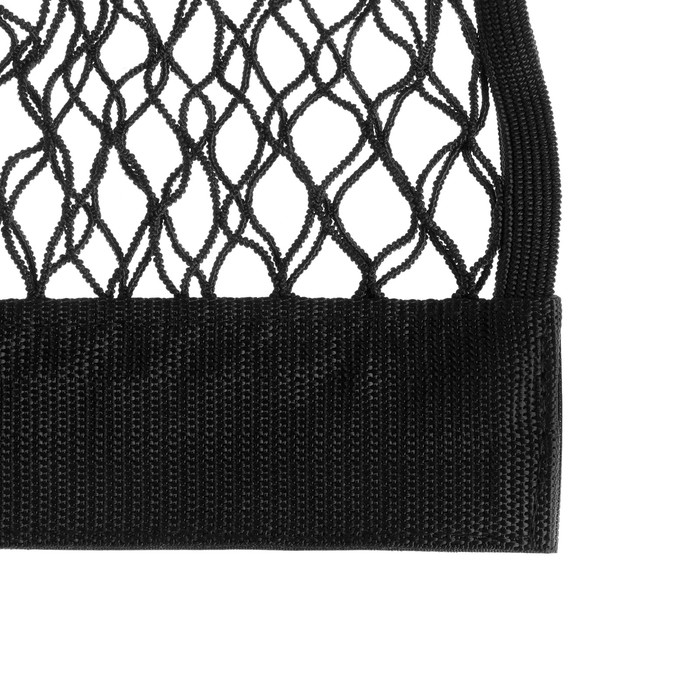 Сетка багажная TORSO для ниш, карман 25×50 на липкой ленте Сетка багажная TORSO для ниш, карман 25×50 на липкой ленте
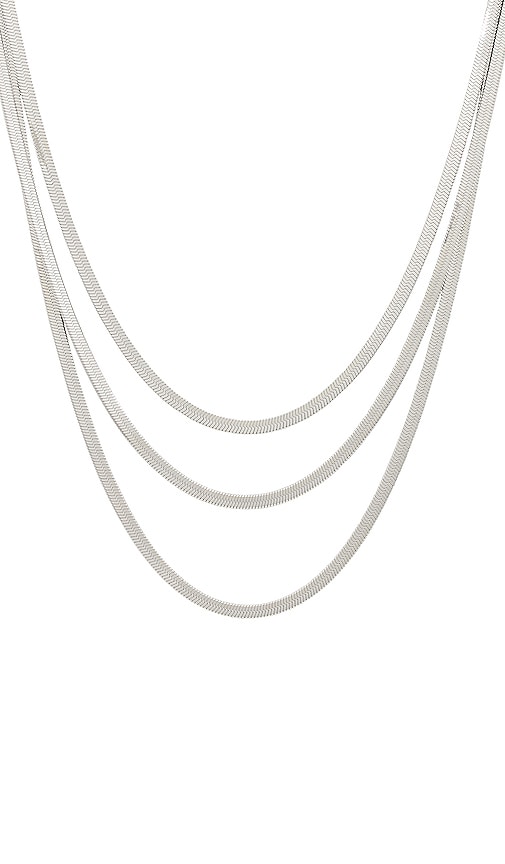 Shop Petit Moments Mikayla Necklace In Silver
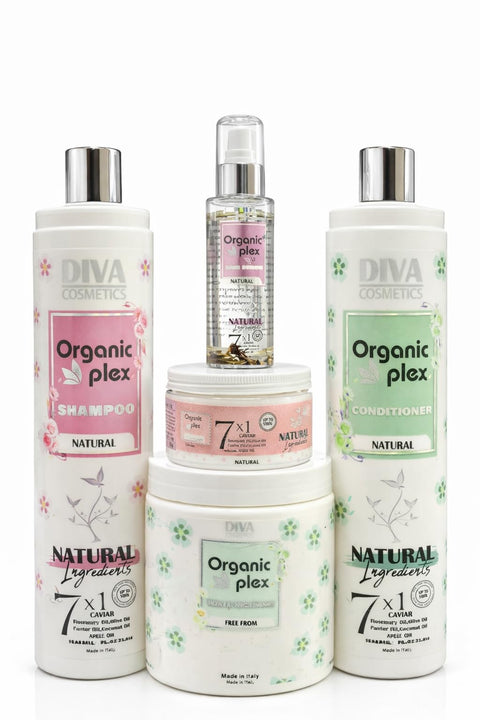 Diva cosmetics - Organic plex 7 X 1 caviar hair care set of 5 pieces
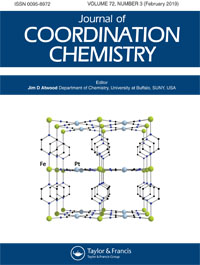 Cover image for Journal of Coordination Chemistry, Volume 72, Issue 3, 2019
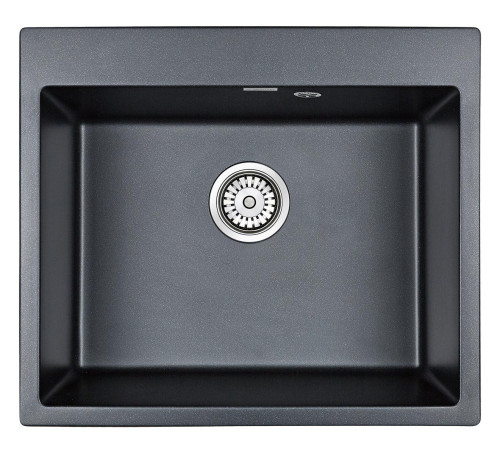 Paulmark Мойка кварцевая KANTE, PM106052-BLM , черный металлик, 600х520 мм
——
The records, exactly as written but without images, should be returned.

 Сетка багажная TORSO для ниш, карман 25×50 на липкой ленте Сетка багажная TORSO для ниш, карман 25×50 на липкой ленте
 Shop Petit Moments Mikayla Necklace In Silver
 Diva cosmetics - Organic plex 7 X 1 caviar hair care set of 5 pieces
 Cover image for Journal of Coordination Chemistry, Volume 72, Issue 3, 2019
 Paulmark Мойка кварцевая KANTE, PM106052-BLM , черный металлик, 600х520 мм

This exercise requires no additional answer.